(Brief descriptive captions)
*** Block opens ***

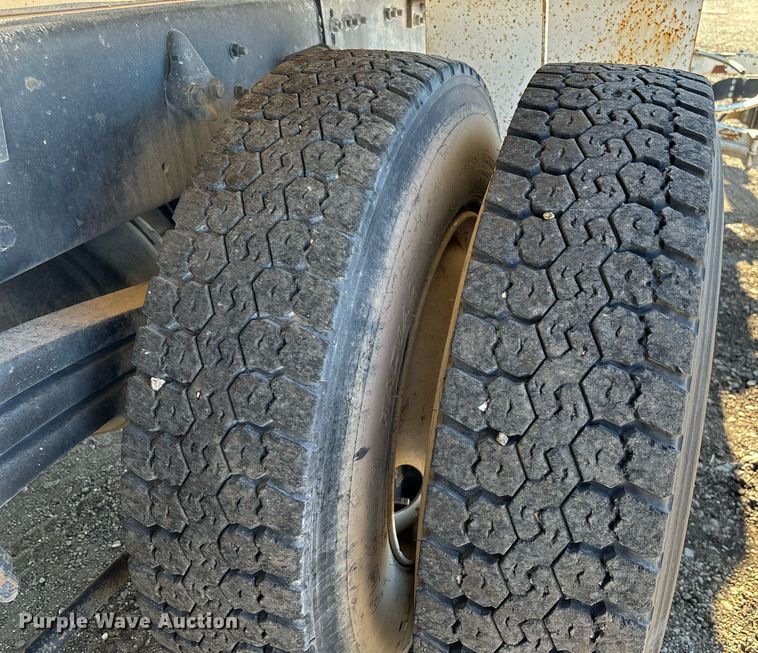 image for item DH8641 2005 Sterling  Condor refuse truck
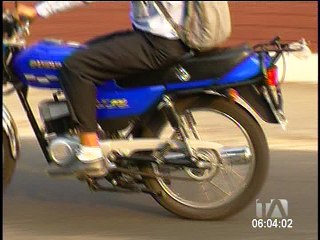 Pillos sufren accidente en motocicleta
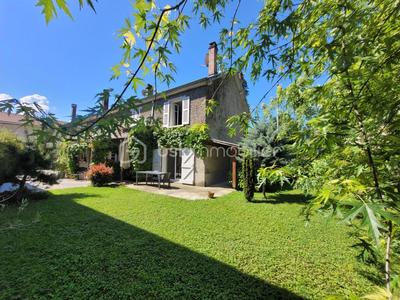 Demeure - 202 m² - 8 pièces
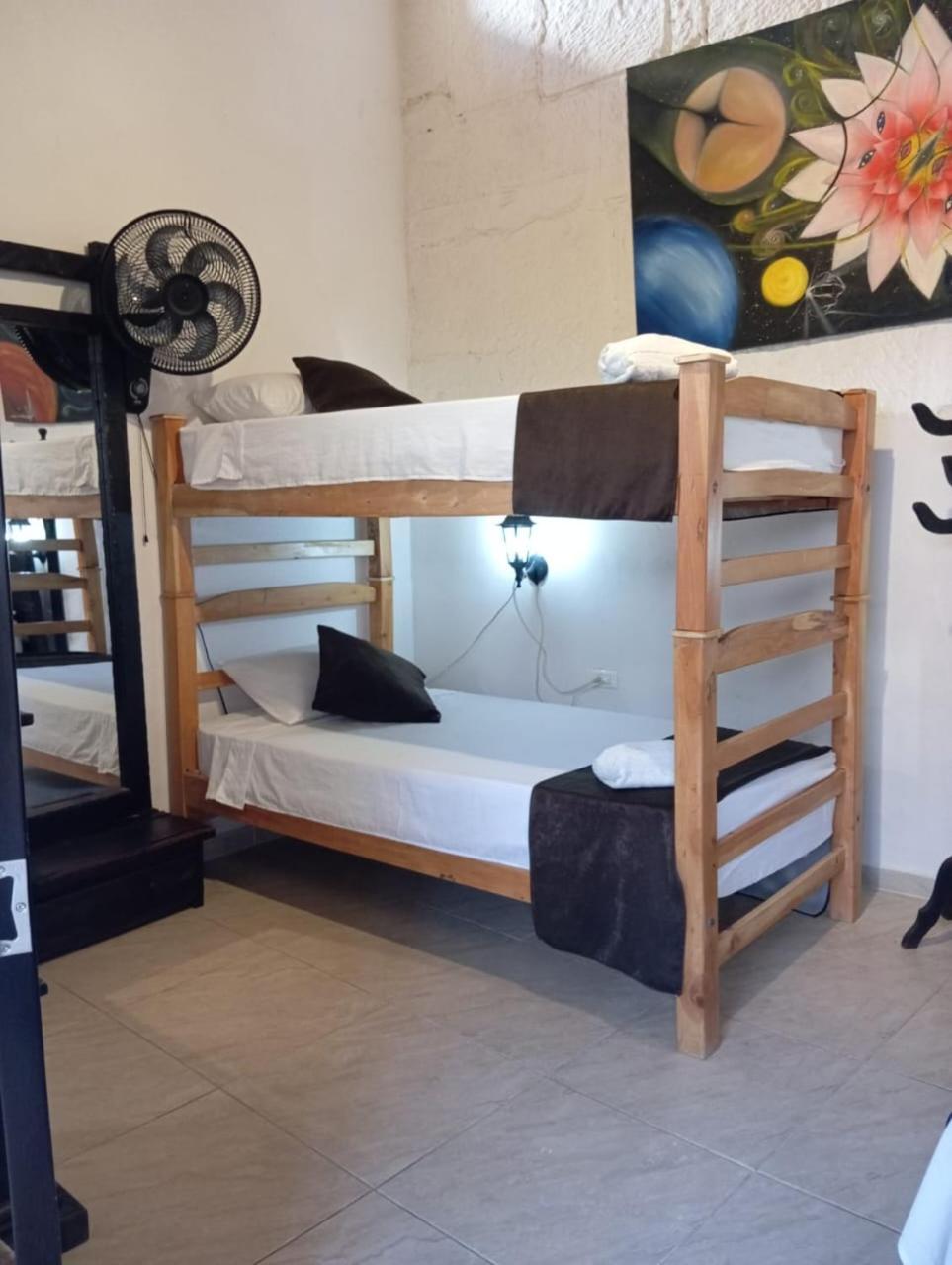 Santander Aleman Hostel San Gil Buitenkant foto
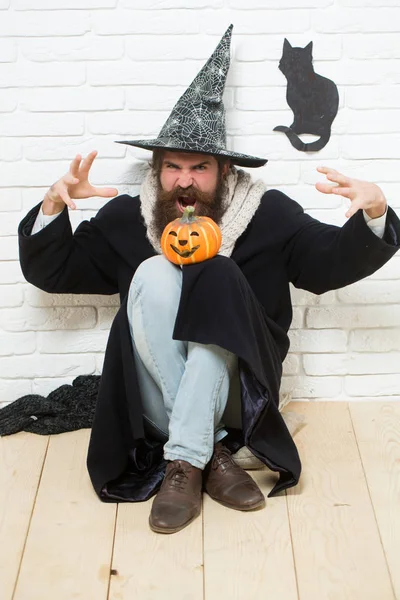 Cadılar Bayramı hipster duvar kabak ve siyah kedi sembolü ile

*** Block closes ***

_About this task:_ Write the entries out in full and exactly, omitting every picture.

_Answer to the exercise:_
 image for item DH8641 2005 Sterling  Condor refuse truck
 Pillos sufren accidente en motocicleta
 Demeure - 202 m² - 8 pièces
 Santander Aleman Hostel San Gil Buitenkant foto
 Cadılar Bayramı hipster duvar kabak ve siyah kedi sembolü ile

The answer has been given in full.